2 - d'autre part, que si, lorsque l'employeur abandonne une première procédure disciplinaire pour sanctionner des faits qui ont été portés à sa connaissance postérieurement à l'entretien préalable:

- la convocation au nouvel entretien préalable n'a pas à intervenir dans un délai spécifique par rapport à la procédure abandonnée,

- le licenciement ne peut sanctionner que des faits distincts de ceux initialement envisagés,

- les manquements fautifs initialement envisagés dans la première procédure qui n'avait pas donné lieu à sanction dans le délai d'un mois suivant l'entretien préalable ne peuvent pas être repris pour justifier la sanction finalement proposée même en présence de faits nouveaux.



En l'espèce, Monsieur [E] soutient:



- qu'il a été convoqué à un premier entretien préalable à sanction disciplinaire qui s'est déroulé le 16 janvier 2017 concernant les faits des mardi 20 décembre et mercredi 21 décembre 2016,

- qu'aucune sanction n'a été prononcée à son encontre,

- qu'il a été ensuite convoqué à un second entretien préalable qui s'est déroulé le 14 février 2017 reprenant les faits des mardi 20 décembre et mercredi 21 décembre 2016 auxquels ont joint des faits qualifiés de nouveaux par son employeur,

- que le 24 février 2017, il a été licencié pour faute grave.



Il en conclut:



- qu'il était impossible pour l'employeur de le convoquer à un premier entretien préalable qui s'est déroulé le 16 janvier 2017 et de lui notifier son licenciement le 24 février 2017, soit au-delà du délai légal d'un mois; le licenciement devant intervenir avant le 17 février 2017,

- qu'à la date du licenciement, l'employeur avait épuisé son pouvoir disciplinaire et le licenciement ne pouvait plus être prononcé.



En réponse, la société Ventana Narcastet prétend:



- que les deux procédures qu'elle a menées avaient des objets différents - l'une visait une sanction disciplinaire et l'autre visait un licenciement - et des causes différentes - l'une portait sur les faits des 20 et 21 décembre 2016 et l'autre portait sur les anomalies constatées s'agissant des OF n°20469 et OF n° 20434,

- que de ce fait le moyen soulevé n'est pas fondé,

- qu'en tout état de cause, même si les deux procédures portaient sur 2 procédures à objet et causes déterminantes identiques, le moyen ne serait pas davantage fondé.



Elle verse pour étayer ses propos deux arrêts prononcés par la Cour de Cassation les 20 octobre 2009 et 12 mars 2014.
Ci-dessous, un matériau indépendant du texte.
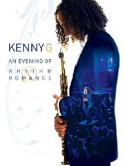 Kenny G. - An Evening Of Rhythm & Romance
Cela étant, il convient de rappeler:



- que par courrier du 4 janvier 2017, énonçant notamment:

" compte tenu des faits qui se sont produits le mardi 20 décembre 2016 et le mercredi 21 décembre 2016, nous vous informons que nous envisageons de prendre une sanction à votre égard... "

Monsieur [E] a été convoqué à un premier entretien préalable à une sanction devant se dérouler le 16 janvier 2017,

- que par courrier du 1 er février 2017, énonçant notamment:

" nous venons de parachever nos investigations s'agissant de faits nouveaux et graves dans la réalisation desquels vous êtes directement impliqué, ceux - ci n'ayant consécutivement pas pu être évoqués dans le cadre de l'entretien préalable auquel vous vous êtes présenté le 16 janvier 2017 sur convocation en date du 4 janvier précédent.

Ces faits, associés à ceux sur lesquels nous avons déjà échangé lors de notre entretien du 16 janvier précité, nous conduisent à envisager à votre égard une mesure de licenciement.."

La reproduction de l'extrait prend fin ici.